The main problem is that while Chinese tourist motivations have been frequently explored, most research has relied on Western paradigms and frameworks that use existing dimensions and terms, such as prestige, romance, and autonomy (Fu et al., 2017), to frame what Chinese tourists desired most or expected to gain from their travel experience. Without completely contrasting Chinese tourist behaviour with their Western equivalents, Fu et al. (2012) state that it needs to be recognised that many Chinese travellers display characteristics driven by their cultural roots. As theorists such as Max Webber (1951) and Geert Hofstede (1980) argued decades before, this means that Chinese people are strongly influenced by the teachings of Confucius (551-479 BC).

Whether this refers to valuing concepts such as ren 仁, which can be understood as “tolerance, forgiveness, deference, filial obedience (to parents), faithfulness (to master), wisdom…” (Lu, 1983, p. 29); the moral force of li 礼, which governs correct and appropriate behaviours in relationships; or xin 信 as representative of sincerity and trustworthiness, the individual in Chinese culture is never an individual in the Western sense. Each self in Confucianism is part of a human relationship where individuals are obligated to act and treat others according to Confucian virtues. Fulfilling these obligations adds to the growth and structure of the self, which ultimately builds a stable social and political structure of the state (Kwek & Lee, 2010).
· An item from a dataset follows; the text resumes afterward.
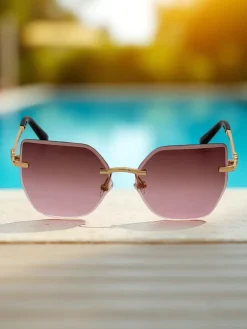 Royalfashion Okulary przeciwsłoneczne Bella Aura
As “one of the most prominent and enduring cultural influences within the East Asian region” (Ng & Lee, 2014, p. 150), Confucianism may provide a cultural backdrop to explain motivational drivers for tourists. In recent years, two main studies were conducted to test whether Confucianism did play a role in influencing the behaviour and motivation of Chinese tourists. The first was a qualitative report where Kwek and Lee (2010) from Griffith University interviewed and observed Mainland Chinese nationals visiting Australia on a corporate/leisure trip. The total participants in the study consisted of 10 guided tours of 64 people, of whom 55 were male and nine were females. For Fu, Cai and Lehto’s (2017) quantitative report, a scale was developed that applied Confucian life domains of self, family, social life, society, and nature to a survey questionnaire that was tested on 507 Chinese residents in Hangzhou who had taken leisure trips prior to the sampling period.
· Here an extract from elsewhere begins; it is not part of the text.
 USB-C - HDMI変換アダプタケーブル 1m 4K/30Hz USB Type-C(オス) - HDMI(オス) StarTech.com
Both studies had similar results: the primary motivation for tourists was to achieve harmony, whether with nature or in existing relationships. While harmony is identified in other motivational frameworks (Pearce & Lee, 2005), maintaining harmony for these tourists has to be understood within a Chinese context. For example, ancient Chinese philosophies like Daoism and Confucianism have long held the view that humans and nature are a unified entity, which diverges from the subject-object relationship between culture and nature in the West (Tang, 2015). As a result, seeking harmony with nature is not a surprising theme in China’s tourism tradition and goes beyond aesthetic appreciation to a means of pursuing wisdom by enjoying simplicity. On harmony within relationships, the majority of Kwek and Lee’s participants noted the importance of avoiding conflict and seeking harmony within group settings (p. 137). As one Chinese tourist from Beijing commented:

“The Chinese people have, for centuries, cultivated the habit to strive for harmony in every situation and as long as everyone is happy, we are also happy to oblige” (Male, early-50s, businessman).

Harmony here refers to peace, acting in an appropriate manner, and having good relationships with others. Given the hierarchical and collectivist aspect of Chinese social settings, harmonious relationships function as a way of promoting personal connections and social norms, such as loyalty and obligation (Chen & Chen, 2004).

Other themes that emerged when observing how Chinese tourists behaved included respect for authority and conformity. In every corporate/leisure tour group for instance, a leader who held the highest social status would take charge in making decisions for the group. To show respect, Kwek and Lee write that members would always look towards the leader for directions and decisions as a way of protecting his or her social face. Whether this involved choosing a restaurant or what activities to do next, members would suppress their personal preferences to conform to the interests of the leader so as not to appear ‘deviant’ (p. 134). Although there are some setbacks to Chinese vertical relationships, including overconcentrating power at the top and leaving little or no room for group initiatives, the underlying idea of respecting authority is to maintain harmony and avoid conflict at all costs.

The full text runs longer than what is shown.